The case synopsis below is from Dr. Turner's words. It addresses his experience with the Washington Medical Commission and how the Commission has attempted to regulate his practice.
In case you missed it, I am listed as the chief plaintiff in a little piece of jurisprudence called Turner et al. vs. Washington Medical Commission lawsuit (accompanied by fellow intrepid doctors like Dr. Renata Moon, Dr. Ryan Cole and Dr. Richard Wilkinson).
This garnered a bunch of press – everything from front-page billing on the Sunday edition of our local paper, to RJK’s Children’s Health Defense, and even an editorial in the British Medical Journal (God save the Queen!). We had our first hearing last week and I have to say that our attorney -- Pete Serrano Esq.– did an absolutely superlative job. (Thank you Pete, and all of your talented and dedicated team at the Silent Majority Foundation. It is time to be silent no longer.)
On the surface, the issue revolves around providing Ivermectin (and other early treatments) as a telemedicine option.

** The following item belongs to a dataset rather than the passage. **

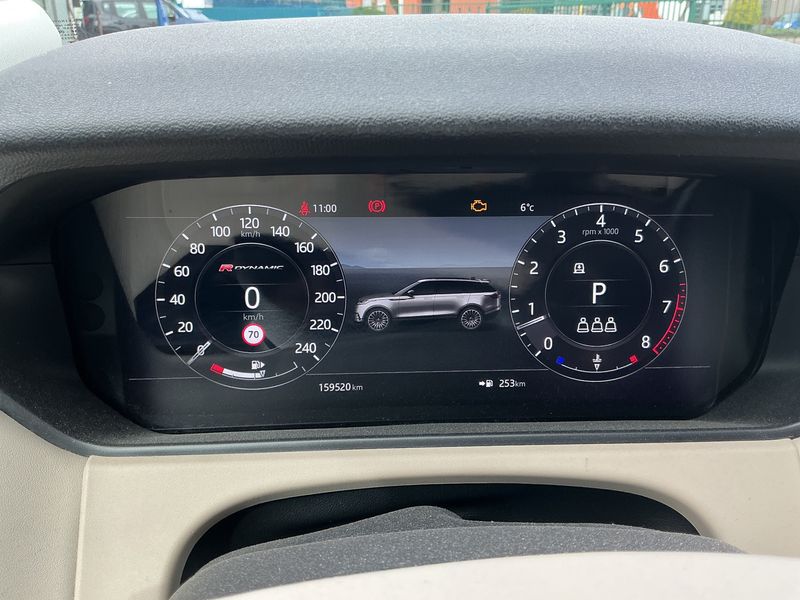 Land Rover Range Rover Velar 2.0 Si4 TwinTurbo S R-Dynamic 2019 – снимка 18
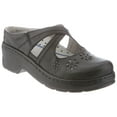 thumbnail image 1 of KLOGS Footwear Women's Carolina Black Smooth Leather - 00130290003, 1 of 5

As you know, Ivermectin and Hydroxychloroquine were stigmatized by the media, mainstream medical organizations, federal health institutions and state medical boards. The WA state medical commission (WMC) published a “COVID 10 misinformation statement” that cited the FDA as establishing the “standard of care”, and then boldly warned practitioners to “take note” that Ivermectin and Hydroxychloroquine are not FDA-approved for COVID.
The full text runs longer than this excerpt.